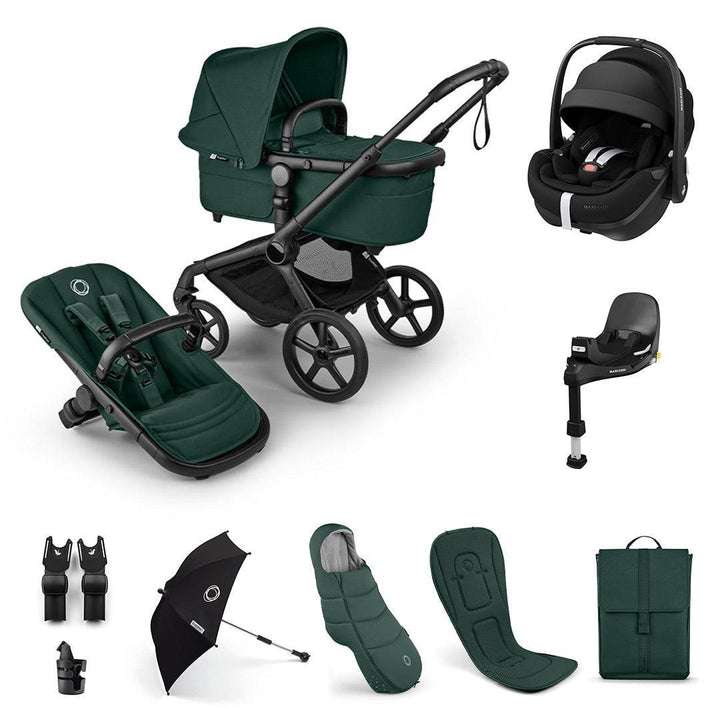 Bugaboo Fox 5 Renew Ultimate + Pebble Pro 2 Travel System-Travel Systems-Fern Green-With Base | Natural Baby Shower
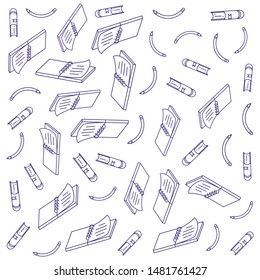 pattern of books with pencils and notebooks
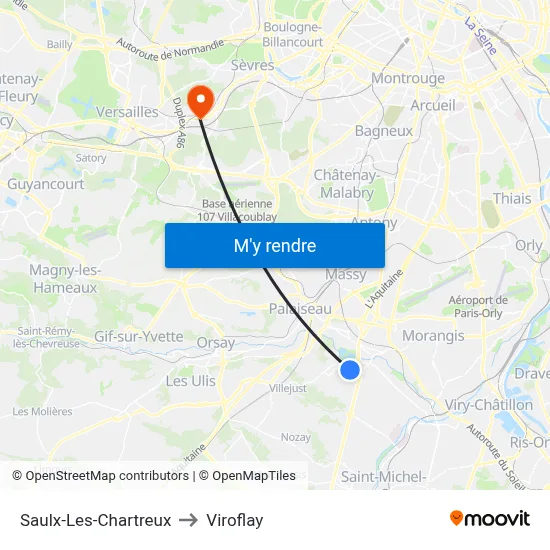 Saulx-Les-Chartreux to Viroflay map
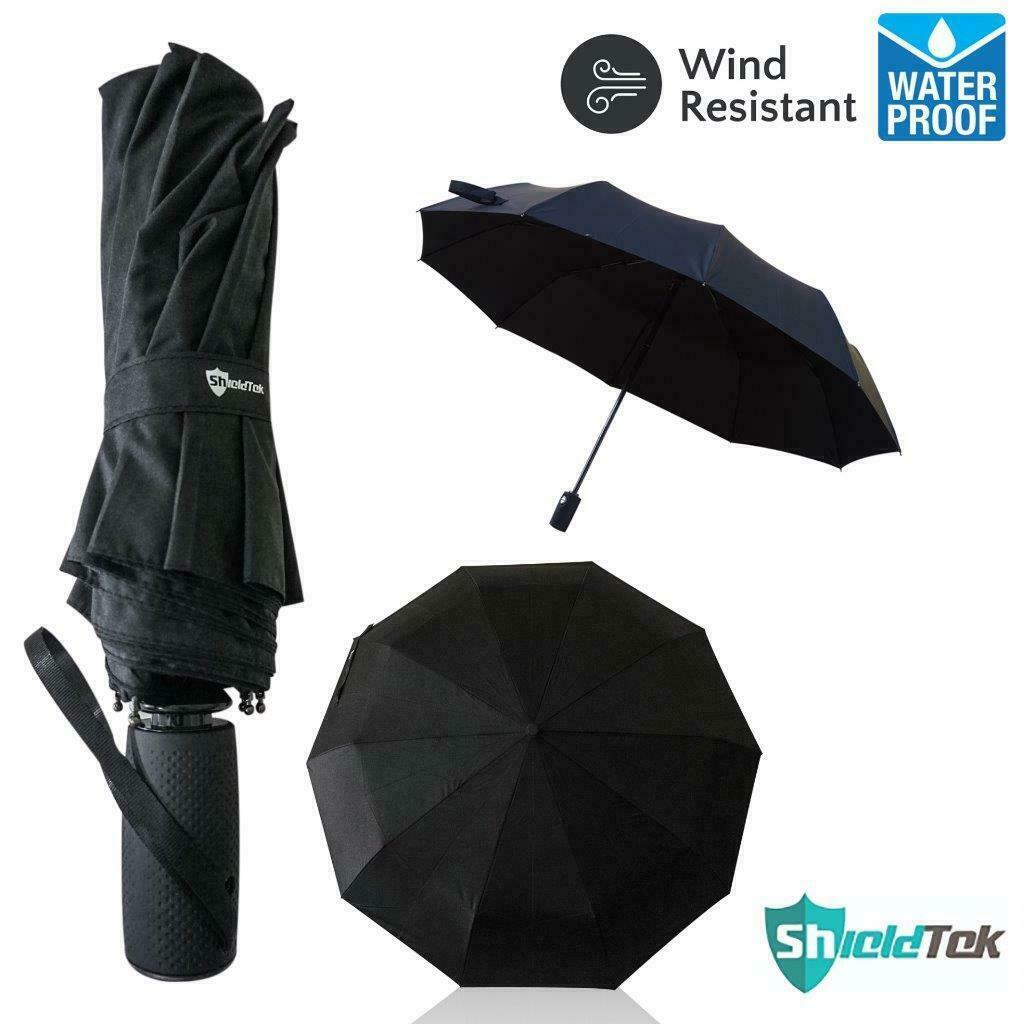 Shieldtek Premium Travel Folding Auto Open Close Windproof Umbrella Set Of 2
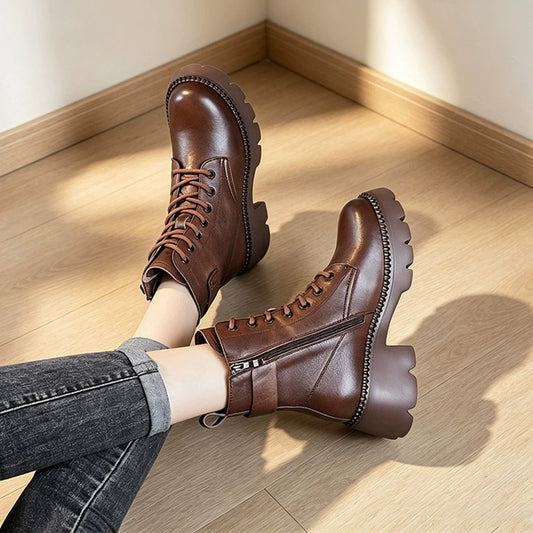 Botas de cuero suave estilo vintage, tipo Dr. Martens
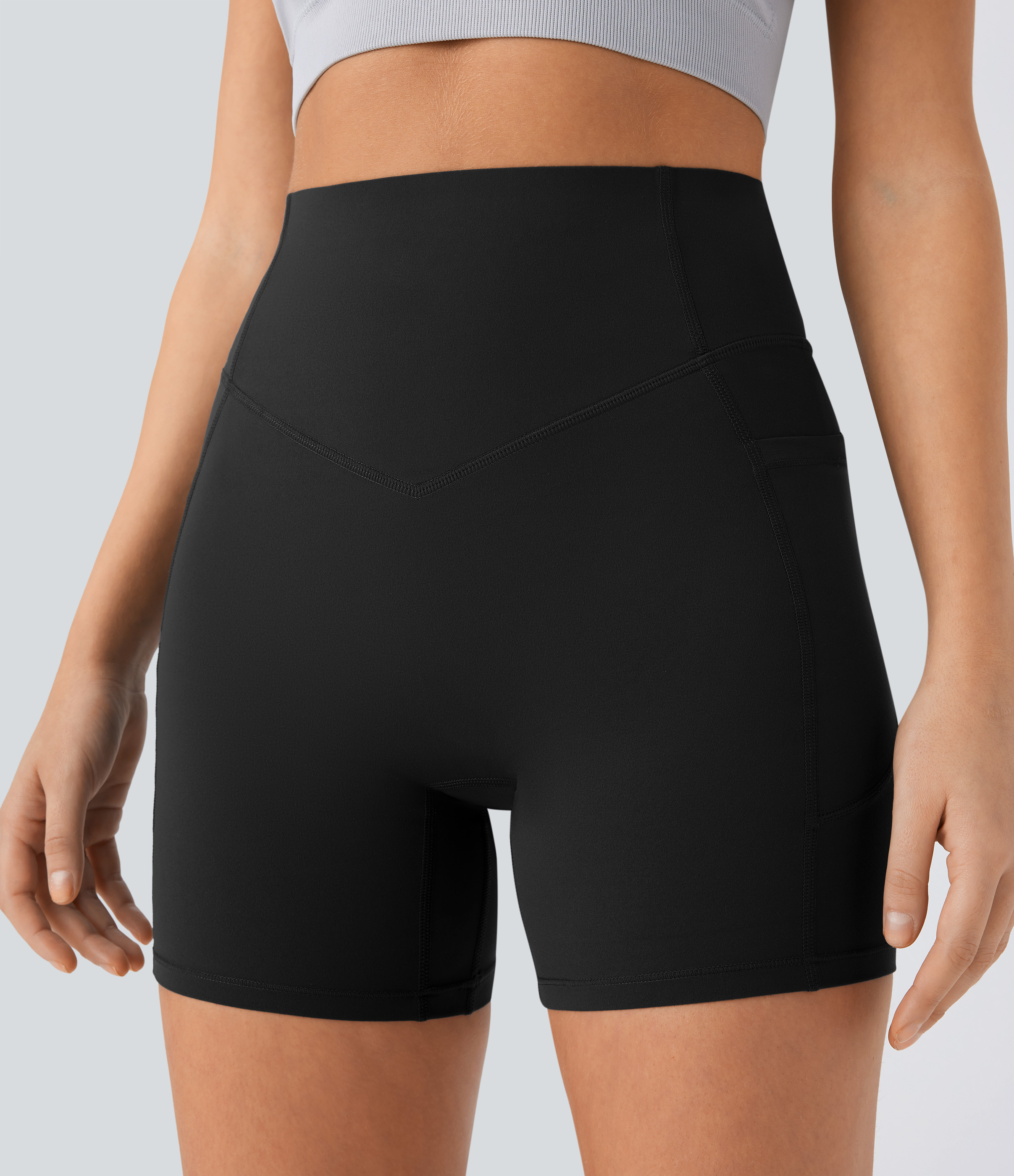 Halara SoCinched High Waisted Butt Lifting Tummy Control Side Pocket Shaping Workout UltraSculpt Biker Shorts 5``  - Black - L 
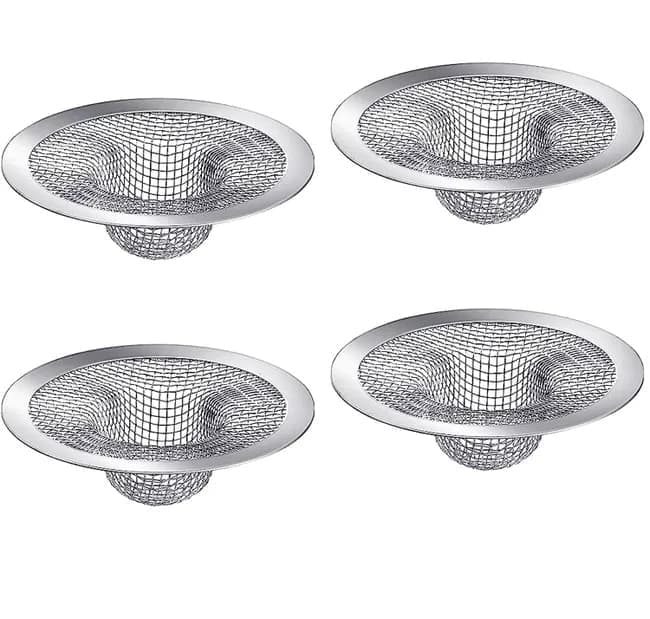 4-Pack Stainless Steel Sink Strainers, Compatible with Most Bathtubs and Showers, 3.5 inches V1188-MS-325-0035
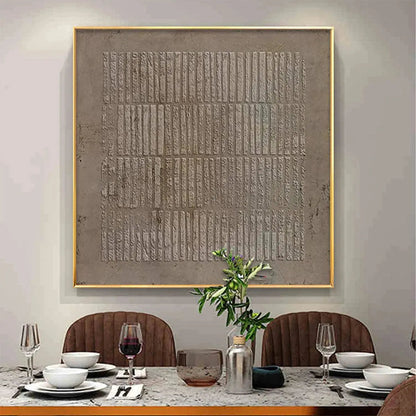 Brown Wabi-Sabi Abstract Textured Oil Painting – Textured Brown Grid
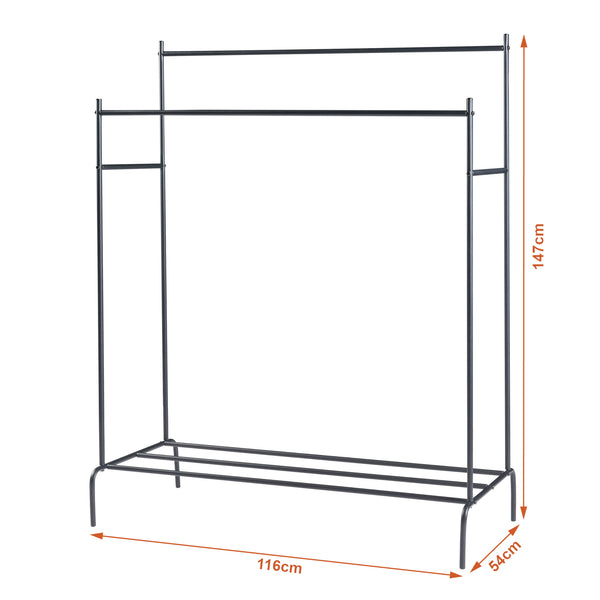 Kleiderständer Bramming mit zwei Garderobenstangen 147 x 116 x 54 cm Schwarz [en.casa]
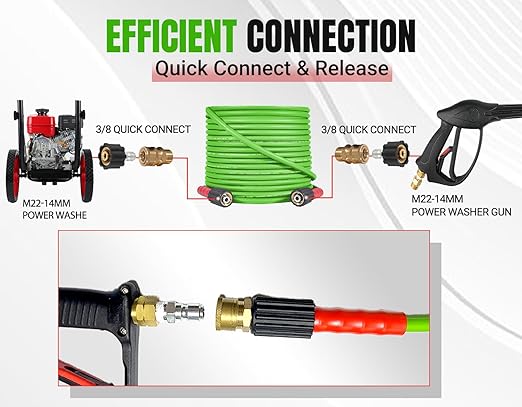 YAMATIC Super Flexible Pressure Washer Hose 50FT for Power Washer Replacement, Kink Resistant Extension With Leak-Free M22 Female & 3/8" Quick Connect Adapters, 1/4" 3200 PSI, Green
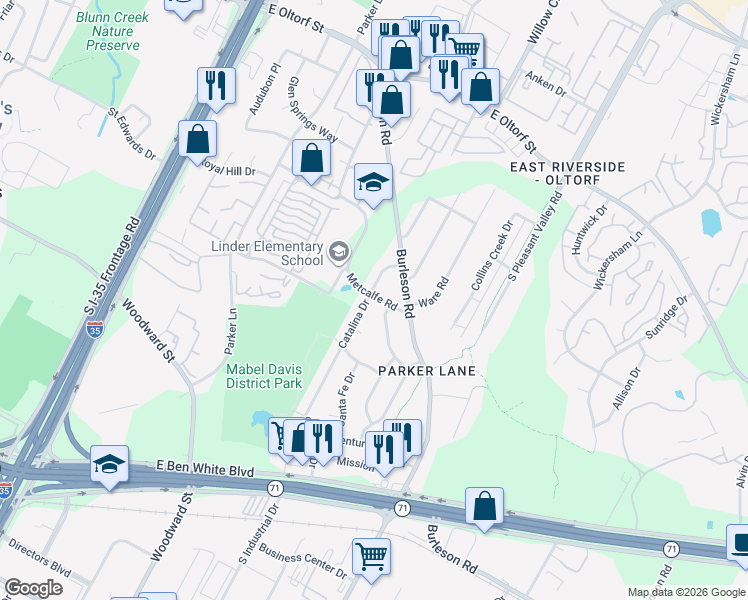 map of restaurants, bars, coffee shops, grocery stores, and more near 2901 Catalina Drive in Austin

§ THE PROBLEM
Transcribe the listing verbatim, pictures excluded.

§ YOUR SOLUTION
 Bugaboo Fox 5 Renew Ultimate + Pebble Pro 2 Travel System-Travel Systems-Fern Green-With Base | Natural Baby Shower
 pattern of books with pencils and notebooks
 Saulx-Les-Chartreux to Viroflay map
 Shieldtek Premium Travel Folding Auto Open Close Windproof Umbrella Set Of 2
 Botas de cuero suave estilo vintage, tipo Dr. Martens
 Halara SoCinched High Waisted Butt Lifting Tummy Control Side Pocket Shaping Workout UltraSculpt Biker Shorts 5``  - Black - L 
 4-Pack Stainless Steel Sink Strainers, Compatible with Most Bathtubs and Showers, 3.5 inches V1188-MS-325-0035
 Brown Wabi-Sabi Abstract Textured Oil Painting – Textured Brown Grid
 Kleiderständer Bramming mit zwei Garderobenstangen 147 x 116 x 54 cm Schwarz [en.casa]
 YAMATIC Super Flexible Pressure Washer Hose 50FT for Power Washer Replacement, Kink Resistant Extension With Leak-Free M22 Female & 3/8" Quick Connect Adapters, 1/4" 3200 PSI, Green
 map of restaurants, bars, coffee shops, grocery stores, and more near 2901 Catalina Drive in Austin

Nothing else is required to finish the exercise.